The US would, in the name of better information operations, like news organizations to refrain from running ISIS-supplied b-roll. Observers think ISIS is "disrupting" (in the business-school sense of the word) the Internet as a terrorist tool, essentially replacing tight command-and-control with inspiration and general communication of intent. (Scharnhorst would have recognized this as a version of Auftragstaktik.)
root9B makes a large claim: early detection and exposure induced a Russian cyber-mob to call off a major attack on Western banks.
Other security companies turn their attention to Chinese cyber operations, said to be showing fresh zeal in targeting nations around its coveted South China Sea. (Nepal figures on some target lists, which suggests "vicinity" is understood expansively, as if one called Slovakia a Baltic nation.) Onapsis thinks SAP exploitation figured in last year's hack of security-investigation contractor USIS. Cylance reports the reappearance of Chinese threat-actor SPEAR (and offers some glum Darwinian reflections on selection pressures driving threat adaptation).
The VM-escape-enabling bug VENOM received due scrutiny. While anything that permits what VENOM allows is a serious vulnerability and must be addressed, consensus holds that panic is unwarranted.

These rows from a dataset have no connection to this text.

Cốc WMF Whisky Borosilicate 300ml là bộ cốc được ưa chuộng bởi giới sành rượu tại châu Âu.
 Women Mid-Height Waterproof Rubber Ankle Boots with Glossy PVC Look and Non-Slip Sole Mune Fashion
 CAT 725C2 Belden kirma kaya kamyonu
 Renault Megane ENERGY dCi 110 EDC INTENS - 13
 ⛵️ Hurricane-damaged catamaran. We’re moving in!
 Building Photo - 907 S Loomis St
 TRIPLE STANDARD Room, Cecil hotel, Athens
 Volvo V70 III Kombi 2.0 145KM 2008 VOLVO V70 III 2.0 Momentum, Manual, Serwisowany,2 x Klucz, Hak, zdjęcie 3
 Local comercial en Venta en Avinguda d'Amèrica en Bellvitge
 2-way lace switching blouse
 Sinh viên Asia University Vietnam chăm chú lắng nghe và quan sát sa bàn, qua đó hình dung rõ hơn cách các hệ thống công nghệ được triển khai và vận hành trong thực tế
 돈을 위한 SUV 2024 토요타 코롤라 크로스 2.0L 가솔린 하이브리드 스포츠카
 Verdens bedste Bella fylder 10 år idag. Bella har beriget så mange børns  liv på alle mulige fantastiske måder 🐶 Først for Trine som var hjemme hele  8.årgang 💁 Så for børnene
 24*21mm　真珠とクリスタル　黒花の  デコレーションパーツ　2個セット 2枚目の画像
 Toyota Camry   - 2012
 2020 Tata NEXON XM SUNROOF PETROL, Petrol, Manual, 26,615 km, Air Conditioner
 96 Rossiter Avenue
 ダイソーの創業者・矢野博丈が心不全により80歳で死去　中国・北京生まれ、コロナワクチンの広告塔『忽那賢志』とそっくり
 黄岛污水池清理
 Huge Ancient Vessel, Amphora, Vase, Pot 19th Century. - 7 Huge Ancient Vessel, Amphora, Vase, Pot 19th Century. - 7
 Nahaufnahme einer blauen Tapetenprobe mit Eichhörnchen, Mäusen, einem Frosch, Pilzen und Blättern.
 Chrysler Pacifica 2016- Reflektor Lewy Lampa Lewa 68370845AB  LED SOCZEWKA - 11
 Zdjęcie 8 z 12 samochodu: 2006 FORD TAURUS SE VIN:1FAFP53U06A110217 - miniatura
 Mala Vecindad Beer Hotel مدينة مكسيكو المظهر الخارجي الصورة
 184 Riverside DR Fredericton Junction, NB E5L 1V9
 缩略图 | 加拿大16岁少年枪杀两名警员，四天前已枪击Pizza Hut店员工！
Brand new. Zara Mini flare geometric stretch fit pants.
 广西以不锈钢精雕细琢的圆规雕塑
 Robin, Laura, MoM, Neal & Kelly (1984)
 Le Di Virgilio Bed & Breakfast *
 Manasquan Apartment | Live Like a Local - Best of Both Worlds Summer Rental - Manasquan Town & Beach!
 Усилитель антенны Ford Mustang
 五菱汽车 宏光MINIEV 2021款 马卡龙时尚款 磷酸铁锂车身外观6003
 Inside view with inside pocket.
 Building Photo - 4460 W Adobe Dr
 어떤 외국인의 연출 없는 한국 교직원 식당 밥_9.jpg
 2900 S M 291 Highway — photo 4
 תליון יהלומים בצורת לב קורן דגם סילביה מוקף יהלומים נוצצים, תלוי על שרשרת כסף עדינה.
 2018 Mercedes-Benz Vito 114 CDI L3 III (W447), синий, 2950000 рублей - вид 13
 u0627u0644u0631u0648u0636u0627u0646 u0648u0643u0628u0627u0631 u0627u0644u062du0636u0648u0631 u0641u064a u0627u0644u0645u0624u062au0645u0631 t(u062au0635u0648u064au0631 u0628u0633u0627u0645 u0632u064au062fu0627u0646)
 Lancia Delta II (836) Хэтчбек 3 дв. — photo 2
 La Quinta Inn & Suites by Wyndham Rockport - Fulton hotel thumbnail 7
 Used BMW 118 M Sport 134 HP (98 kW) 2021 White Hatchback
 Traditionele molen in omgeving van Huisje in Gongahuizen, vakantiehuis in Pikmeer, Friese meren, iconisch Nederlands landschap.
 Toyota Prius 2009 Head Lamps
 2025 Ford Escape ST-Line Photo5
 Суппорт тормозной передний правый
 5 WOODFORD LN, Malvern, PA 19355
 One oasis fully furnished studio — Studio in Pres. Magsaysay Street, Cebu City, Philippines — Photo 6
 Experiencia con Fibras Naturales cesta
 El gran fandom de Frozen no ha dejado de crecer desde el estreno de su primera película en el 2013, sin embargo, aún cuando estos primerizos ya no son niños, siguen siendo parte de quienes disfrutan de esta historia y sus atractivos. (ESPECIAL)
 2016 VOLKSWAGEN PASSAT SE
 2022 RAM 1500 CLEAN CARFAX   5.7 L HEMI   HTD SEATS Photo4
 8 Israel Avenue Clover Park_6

No exploitation has been observed in the wild, and a VENOM attack would require either compromised administrator accounts or a rogue administrator. (Both compromised admin accounts and rogue insiders happen, of course, so take prudent steps as outlined in discussions linked below.)
The former chair of the US House Intelligence Committee seeks to make everyone's flesh creep by warning of a Sino-Russian "alternative Internet."